#### What is needed
Set down, character for character, everything in the records below from the line holding "MDO placement in the OR" down to the line holding "Électrolyse Avicenne esthétique", and no other line.

Segment Start: Data under study

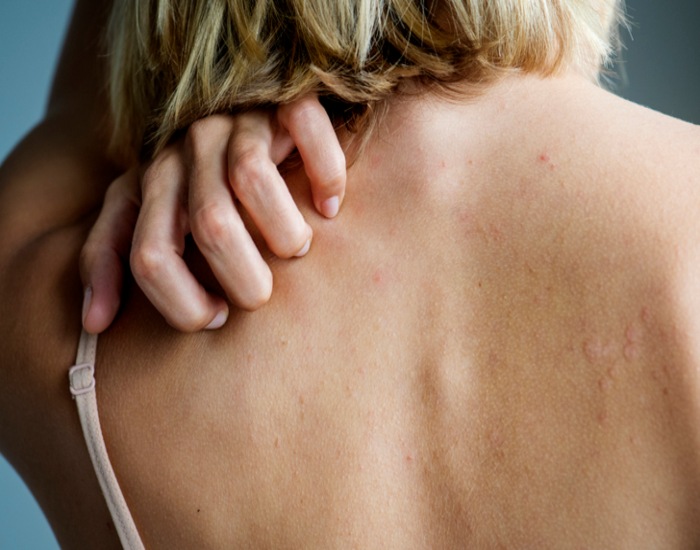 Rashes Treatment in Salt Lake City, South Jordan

Segment End: Data under study
Segment Start: Data under study

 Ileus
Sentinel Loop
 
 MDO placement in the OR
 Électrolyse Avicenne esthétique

Segment End: Data under study
Segment Start: Data under study

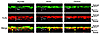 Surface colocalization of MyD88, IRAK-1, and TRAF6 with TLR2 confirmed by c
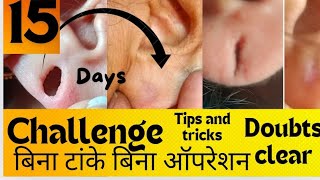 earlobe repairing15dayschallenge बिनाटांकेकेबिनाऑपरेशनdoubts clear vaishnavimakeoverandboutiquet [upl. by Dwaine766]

Segment End: Data under study

#### Response
 MDO placement in the OR
 Électrolyse Avicenne esthétique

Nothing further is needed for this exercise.